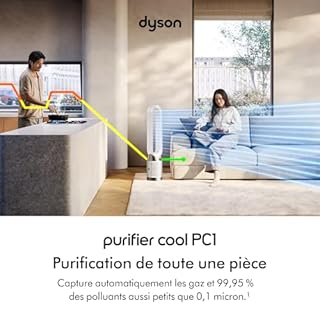 Dyson Purifier Cool PC1 ventilateur, purificateur d’air avec flux d’air rafraîchissant puissant (Blanc/Argent)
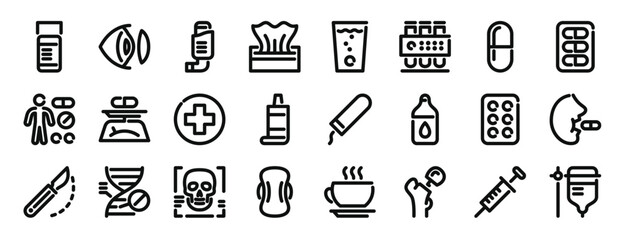 set of 24 outline web medicines icons such as pills, contact lens, inhaler, napkins, glass of water, test tubes, pill vector icons for report, presentation, diagram, web design, mobile app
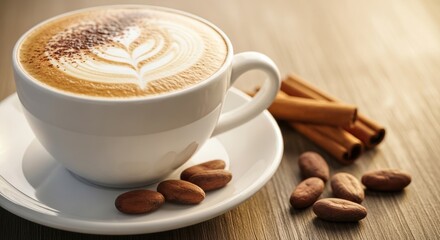 Aromatic cappuccino with latte art, cocoa beans, and cinnamon sticks on wood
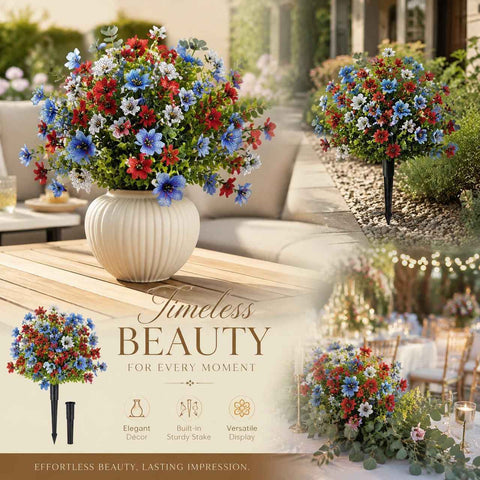Red Blue White Mixed Artificial Flower Stems Indoor Outdoor Landscape Greenery In Australia - Darrahopens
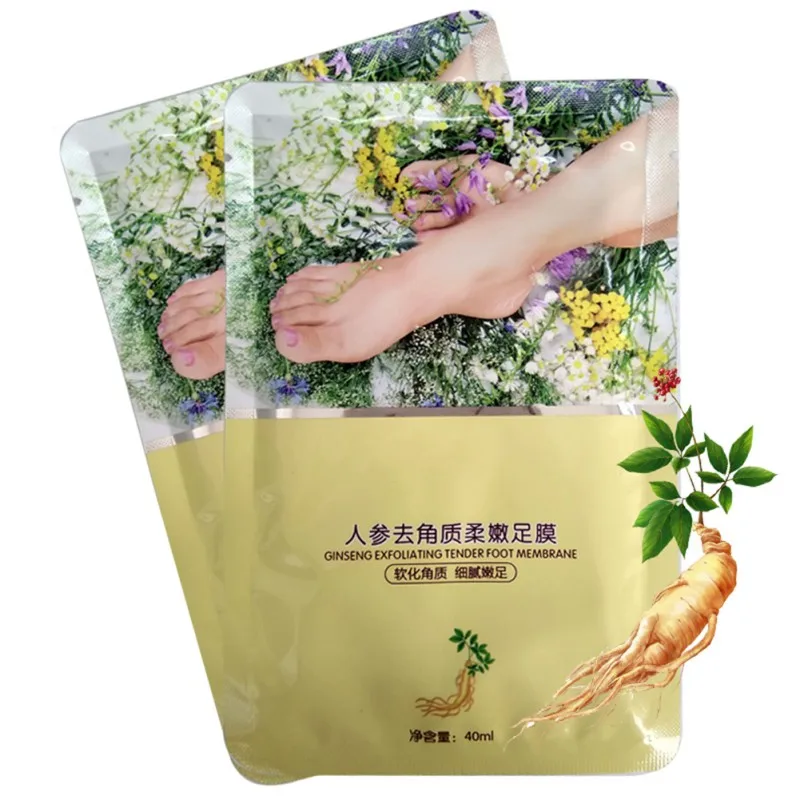 1 пара Peel ног Limoni Exfoliating Foot маски экстракт женьшеня тяжело удаления омертвевших ноги маска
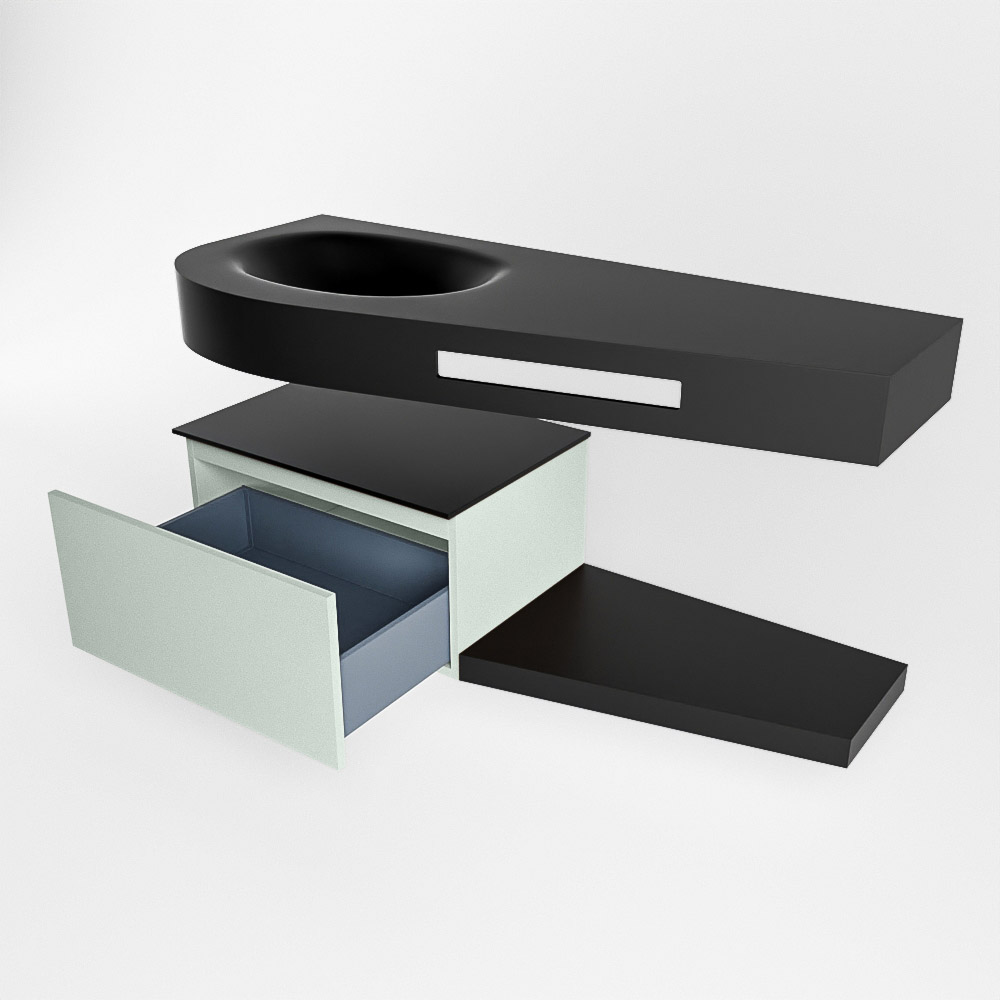 MONDIAZ RIVA 120cm mueble de baño / estante color Greey con 1 cajón. Lavabo DULCET Izquierda sin orificio, color Urban. 5 MONDIAZ RIVA 120cm mueble de baño / estante color Greey con 1 cajón. Lavabo DULCET Izquierda sin orificio, color Urban. - Imagen 5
== == ==
## Task statement
Exactly the lines from the line containing "Red Blue White" to the end of the records need to be copied, both ends included, with pictures left out.

## Expected answer
Red Blue White Mixed Artificial Flower Stems Indoor Outdoor Landscape Greenery In Australia - Darrahopens
 1 пара Peel ног Limoni Exfoliating Foot маски экстракт женьшеня тяжело удаления омертвевших ноги маска
 MONDIAZ RIVA 120cm mueble de baño / estante color Greey con 1 cajón. Lavabo DULCET Izquierda sin orificio, color Urban. 5 MONDIAZ RIVA 120cm mueble de baño / estante color Greey con 1 cajón. Lavabo DULCET Izquierda sin orificio, color Urban. - Imagen 5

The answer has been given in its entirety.